Problem to work on: From the line with "răcire pe ulei!" to the line with "2A Thomas Rielly Avenue Hobsonville_1", output every line below exactly, both ends included. Skip the pictures.

Data for analysis:
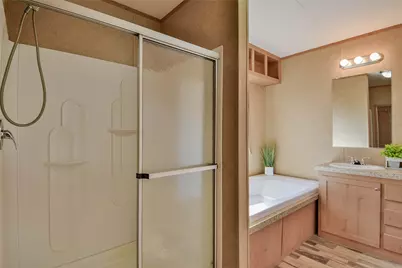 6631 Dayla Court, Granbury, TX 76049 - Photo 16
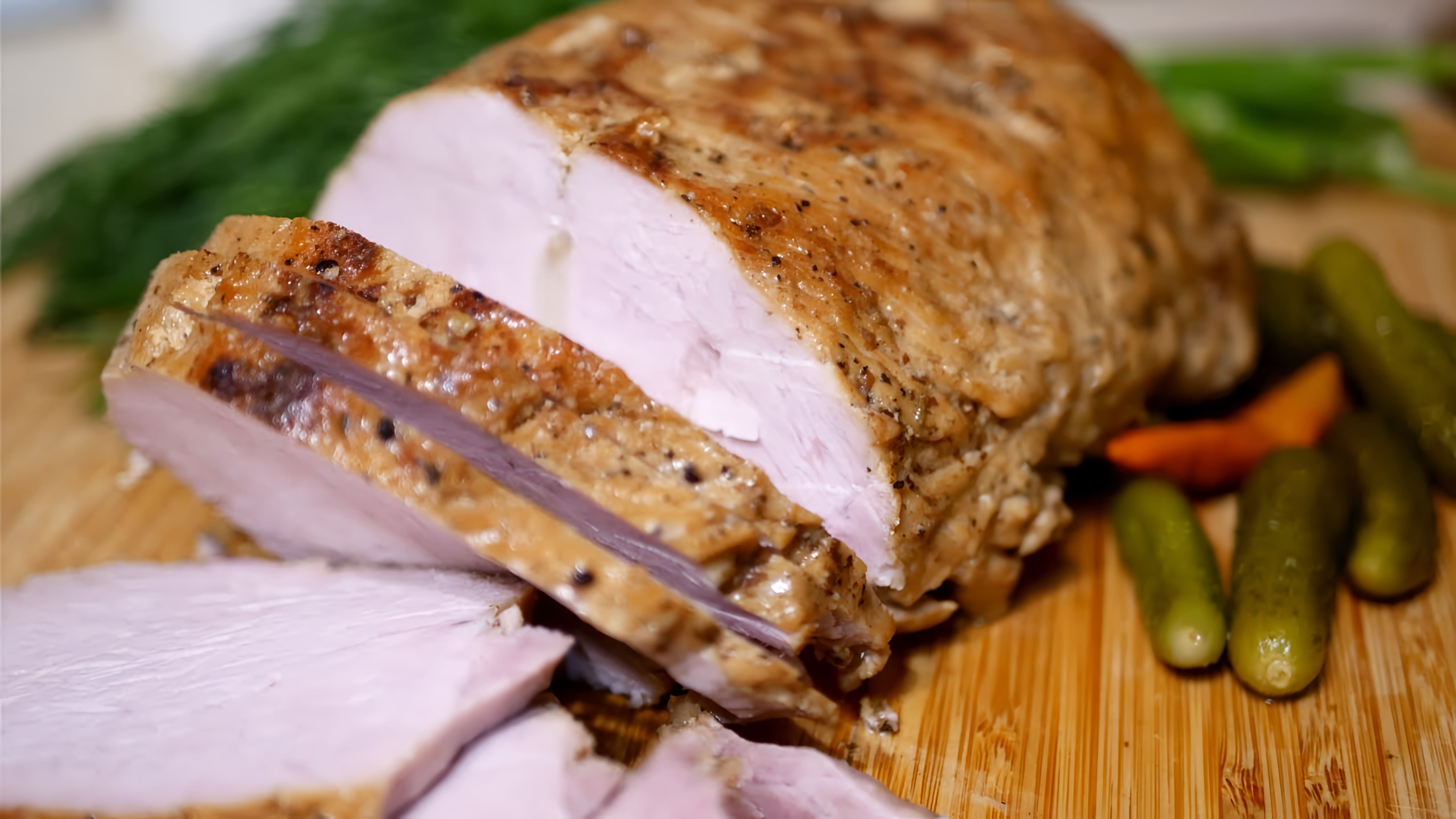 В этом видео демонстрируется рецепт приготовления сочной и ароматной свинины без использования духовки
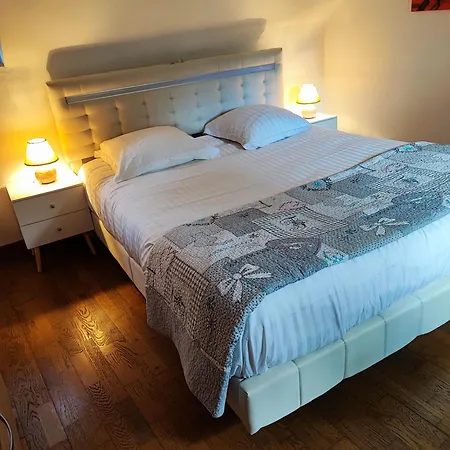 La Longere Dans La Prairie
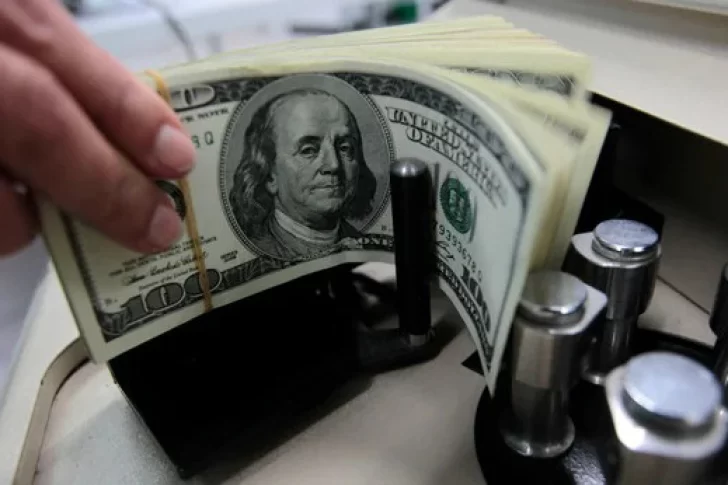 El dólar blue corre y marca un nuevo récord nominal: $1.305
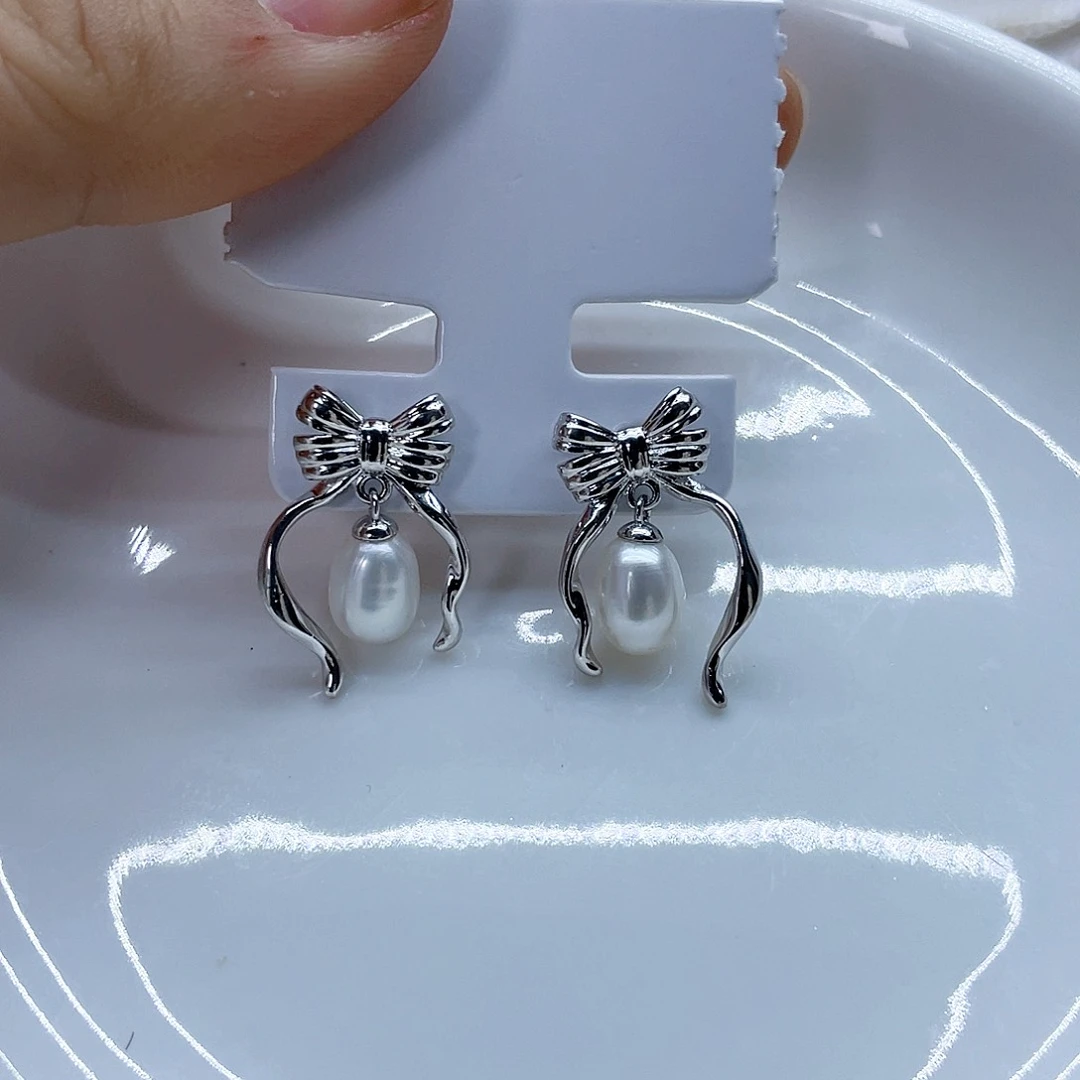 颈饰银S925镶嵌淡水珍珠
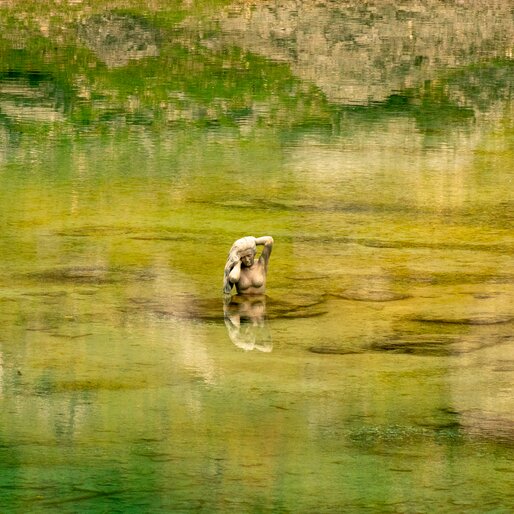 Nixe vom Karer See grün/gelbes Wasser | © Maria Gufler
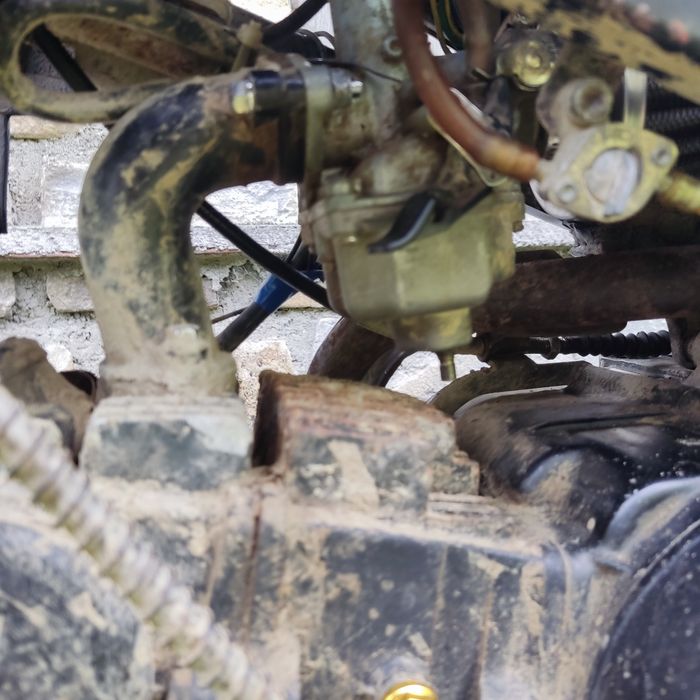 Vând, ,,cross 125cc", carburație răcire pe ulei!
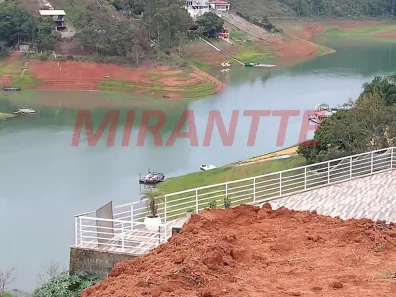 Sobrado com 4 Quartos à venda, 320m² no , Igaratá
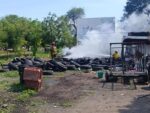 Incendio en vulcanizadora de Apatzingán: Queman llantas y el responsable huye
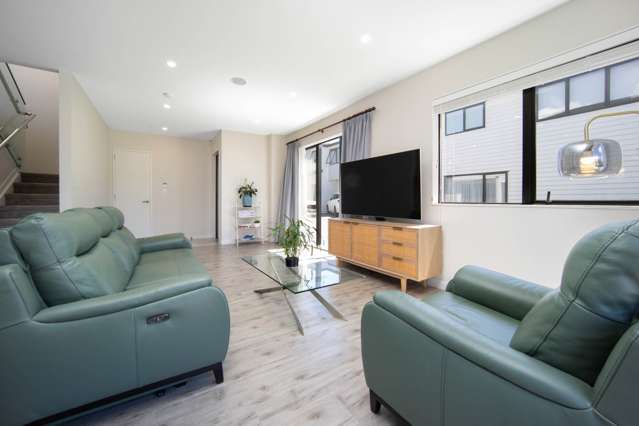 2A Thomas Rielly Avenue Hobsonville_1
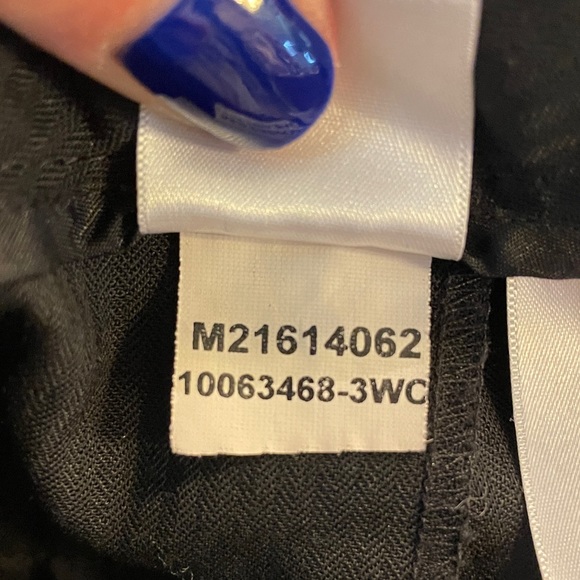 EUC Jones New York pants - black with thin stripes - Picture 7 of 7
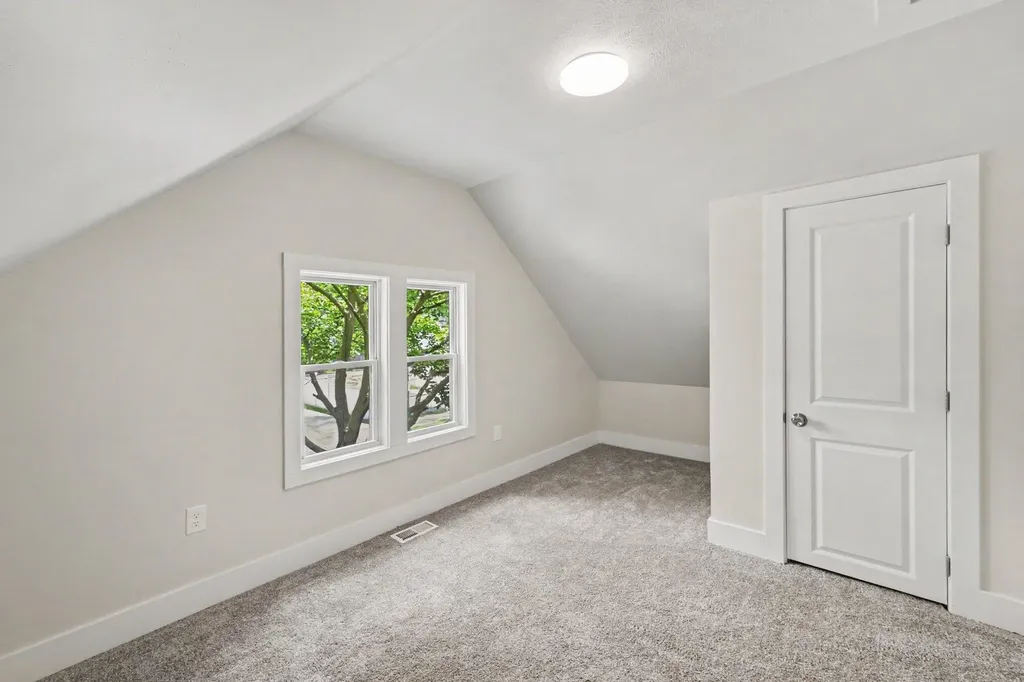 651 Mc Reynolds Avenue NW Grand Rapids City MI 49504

Exercise solution:
 Vând, ,,cross 125cc", carburație răcire pe ulei!
 Sobrado com 4 Quartos à venda, 320m² no , Igaratá
 Incendio en vulcanizadora de Apatzingán: Queman llantas y el responsable huye
 2A Thomas Rielly Avenue Hobsonville_1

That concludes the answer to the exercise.